By Sujin Thomas
THE body of an American exchange student who died unexpectedly in a university hostel room on Wednesday will be flown home this morning.
Mr Scott Monat, 21, had suffered breathing difficulties in his room at Prince George's Park Residences on the National University of Singapore (NUS) campus.
Undertakers, accompanied by representatives believed to be from NUS, collected his body from the Singapore General Hospital's mortuary at about noon yesterday. They would not comment on where the body was bound, but Mr Monat's family live in Roswell, Georgia.
He had arrived in Singapore two months ago on an exchange programme from the University of Miami in Coral Gables, where he was a top student. He would have spent a semester here as a second-year neurobiology student.
On Wednesday evening (9am Thursday, Singapore time) , a memorial was held for him at Hillel, the Jewish student centre on his US campus.
A lengthy tribute to Mr Monat was also posted on the website of The Miami Hurricane, a university newspaper, by senior writer and business manager Nick Maslow, who was a friend.
Mr Maslow wrote: 'Listening to people talk, laugh and cry about memories of Scott Monat made me want to hear his voice just once more, to be inspired by his charisma and hunger for life one last time.'
Mr Monat is believed to have been up drinking beer with a friend just before he lost consciousness at about 5am, hostel mates said.
Panicked screams brought other students to his aid. He was rushed to hospital by paramedics but was pronounced dead about two hours later at the National University Hospital.
A bottle of pills was also taken away by police.
Hostel mates told The Straits Times yesterday that Mr Monat had been consuming Valium, a tranquilliser, for panic attacks.

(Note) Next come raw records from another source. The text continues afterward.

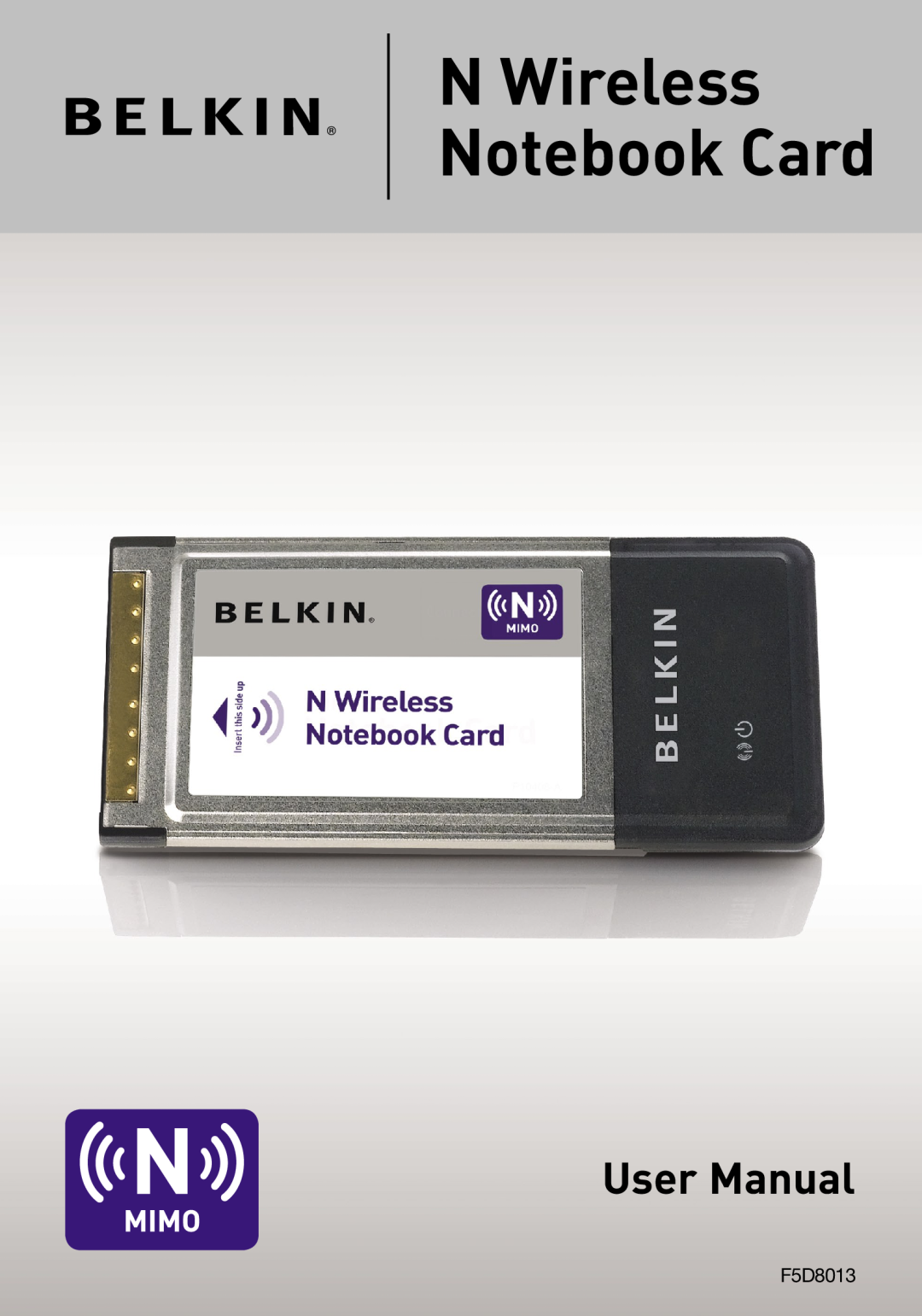 Belkin F5D8013 user manual N Wireless Notebook Card, User Manual 
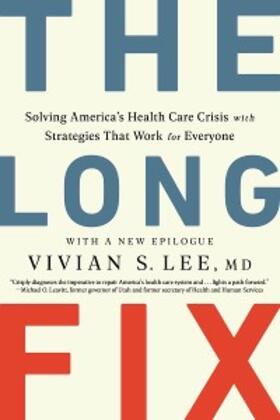 Lee |  The Long Fix: Solving America's Health Care Crisis with Strategies that Work for Everyone | eBook | Sack Fachmedien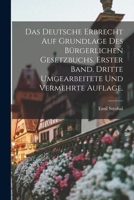Das deutsche Erbrecht auf Grundlage des Bürgerlichen Gesetzbuchs. Erster Band. Dritte umgearbeitete und vermehrte Auflage. 1018476636 Book Cover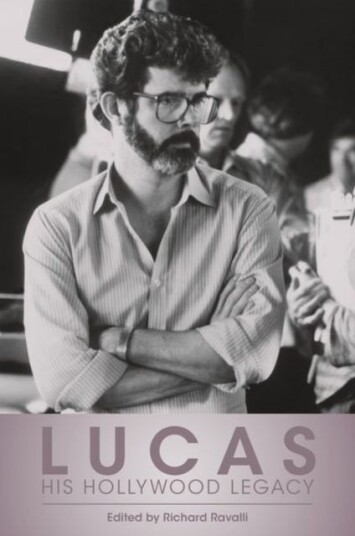 Lucas His Hollywood Legacy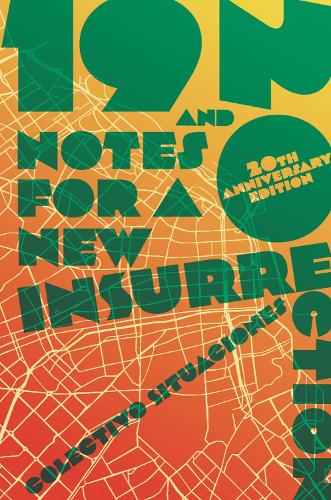 Бумажная книга «19 and 20: Notes for a New Insurrection (Updated 20th Anniversary Edition)», автор Colectivo Situaciones - фото №1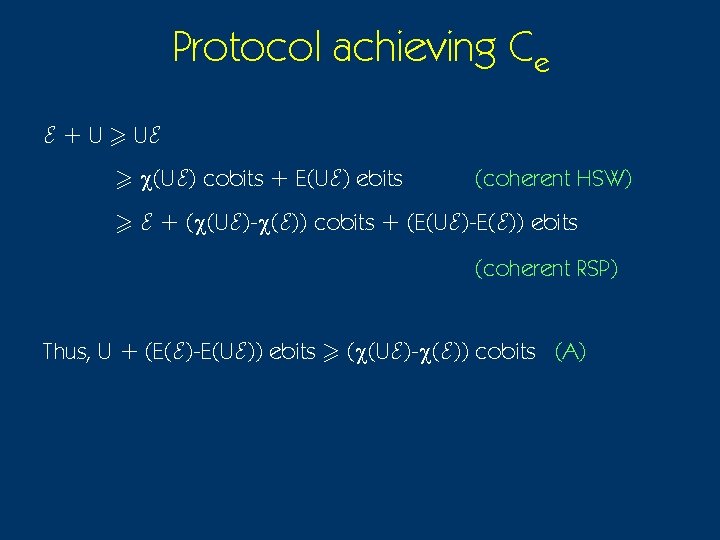 Protocol achieving Ce E + U > UE > c(UE) cobits + E(UE) ebits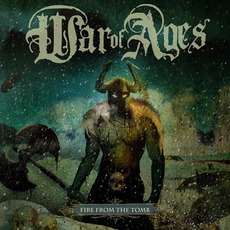Fire From The Tomb mp3 Album by War Of Ages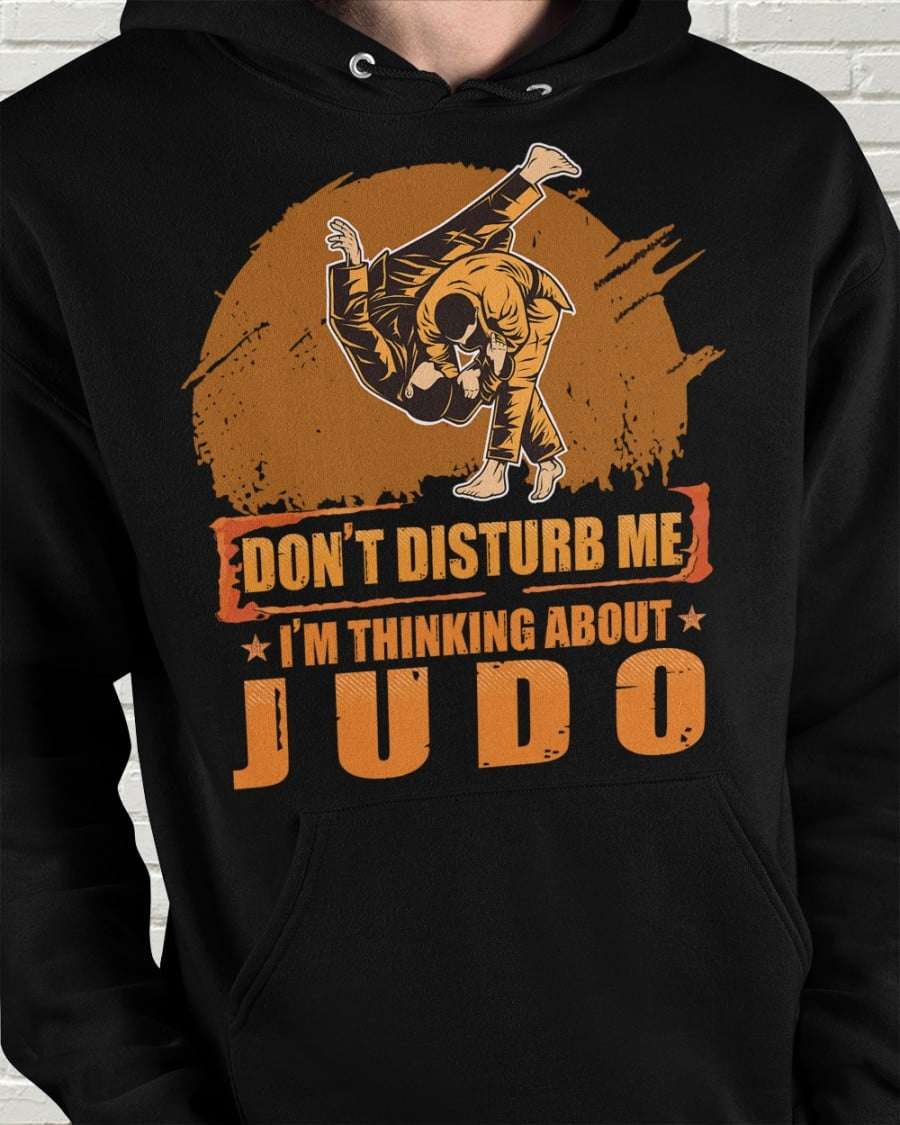 Don't disturb me, I'm thinking about Judo - Training Judo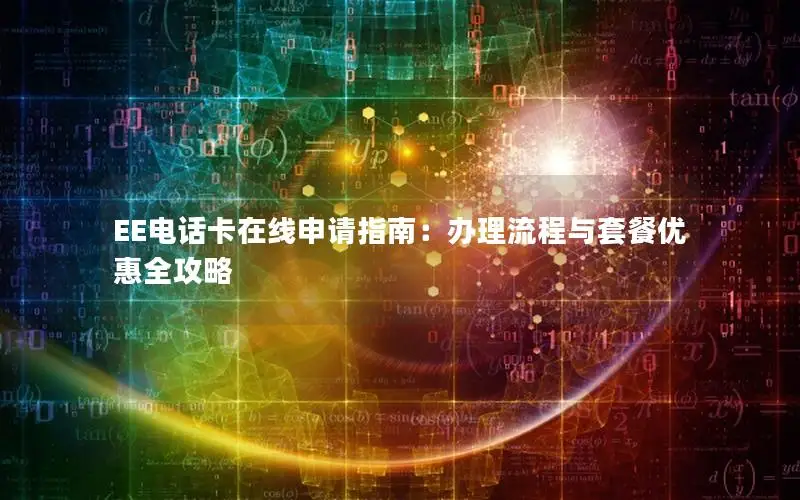 EE电话卡在线申请指南：办理流程与套餐优惠全攻略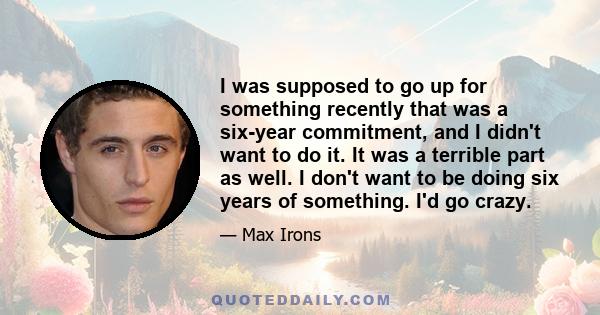 I was supposed to go up for something recently that was a six-year commitment, and I didn't want to do it. It was a terrible part as well. I don't want to be doing six years of something. I'd go crazy.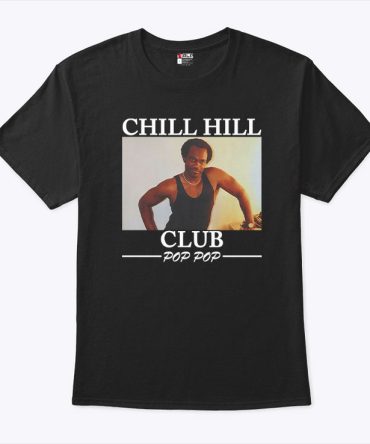 Chill Hill Club Pop Pop T Shirt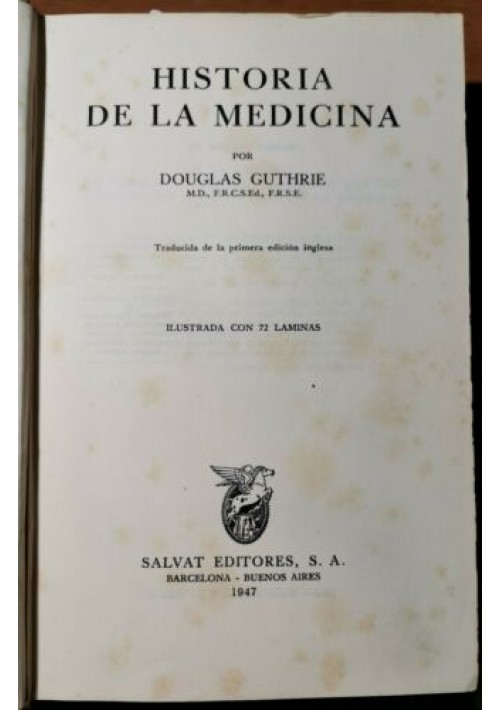 HISTORIA DE LA MEDICINA di Douglas Guthrie 1947 Salvat libro illustrato spagnolo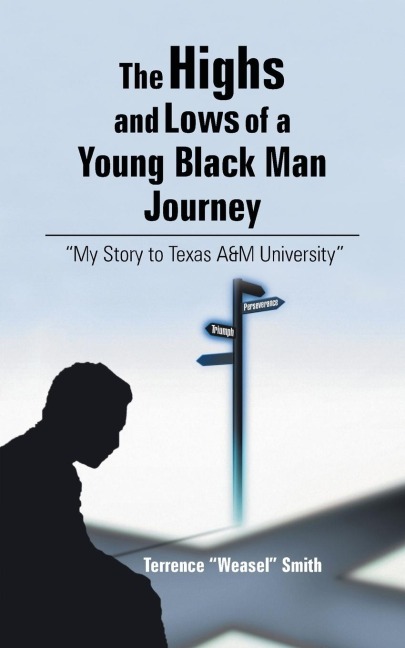 The Highs and Lows of a Young Black Man Journey: My Story to Texas A&m University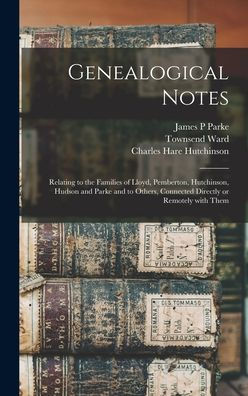 Genealogical Notes: Relating To The Families Of Lloyd, Pemberton, Hutchinson, Hudson And Parke And To Others, Connected Directly Or Remotely With Them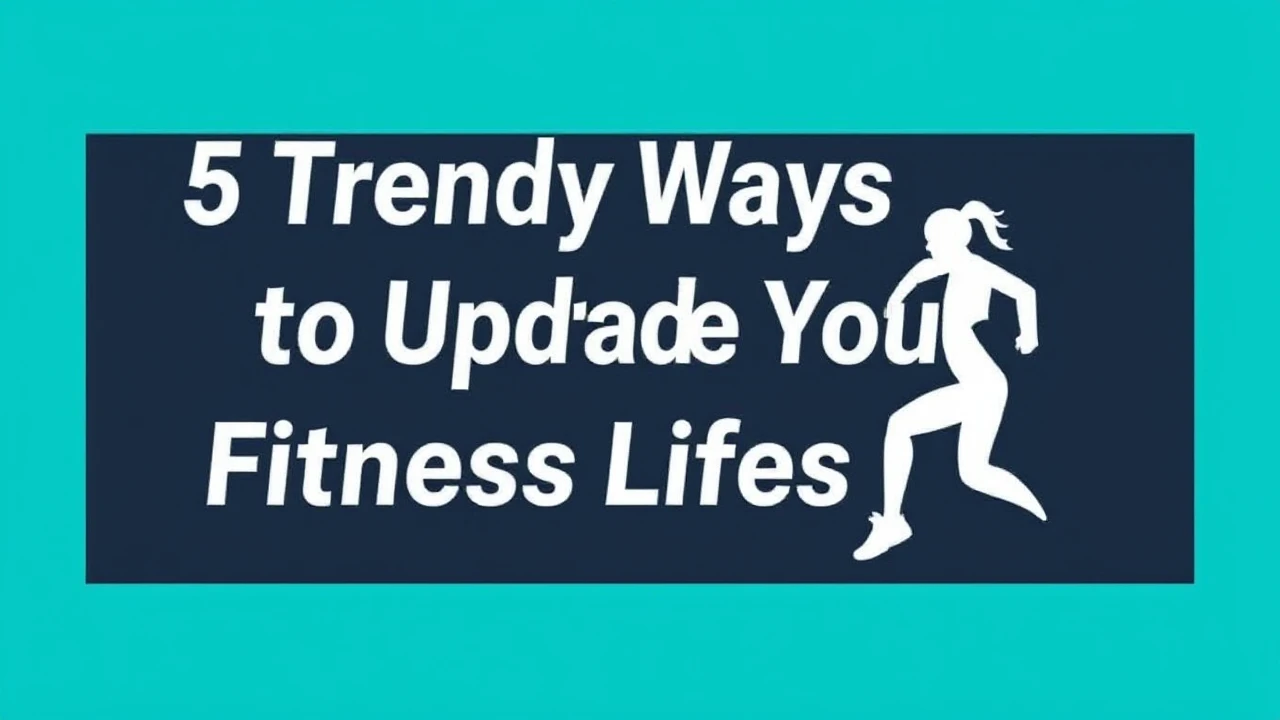 5 Trendy Ways to Upgrade Your Fitness Lifestyle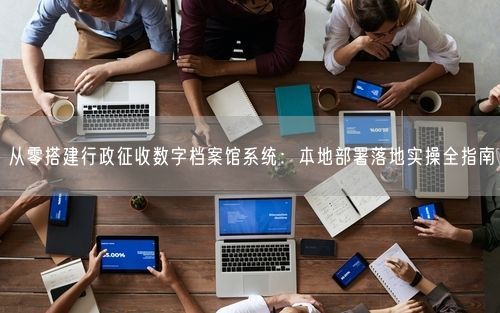 从零搭建行政征收数字档案馆系统：本地部署落地实操全指南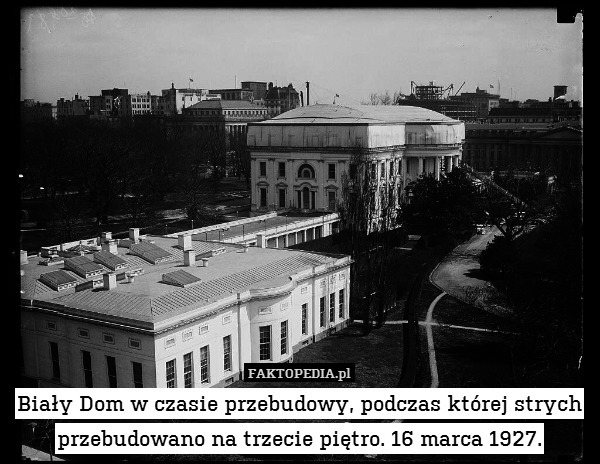 Biały Dom w czasie przebudowy, podczas której strych przebudowano na trzecie piętro. 16 marca 1927. 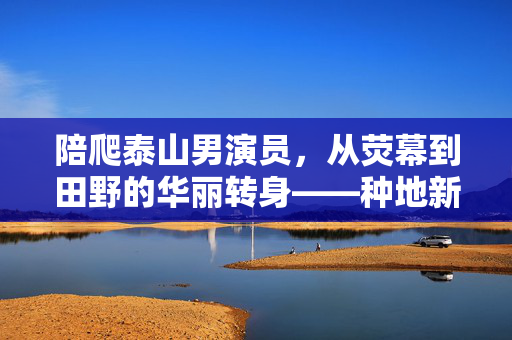 陪爬泰山男演员，从荧幕到田野的华丽转身——种地新篇章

Friends in Singapore and the United States have been expressing shock over his death on Internet forums, social networking site Facebook and on The Miami Hurricane website. Many described him as cheerful and outgoing.
He was taking Thai lessons at NUS and had returned last Friday from a week-long holiday in Thailand, friends said.
He was also bright. He was one of 8,200 National Merit Scholars chosen from 1.5 million US applicants before he entered the University of Miami. He also received the Isaac Bashevis Singer scholarship, the highest scholarship awarded at the university.
The American Embassy here told The Straits Times yesterday that it is providing 'all consular assistance to the Monat family'.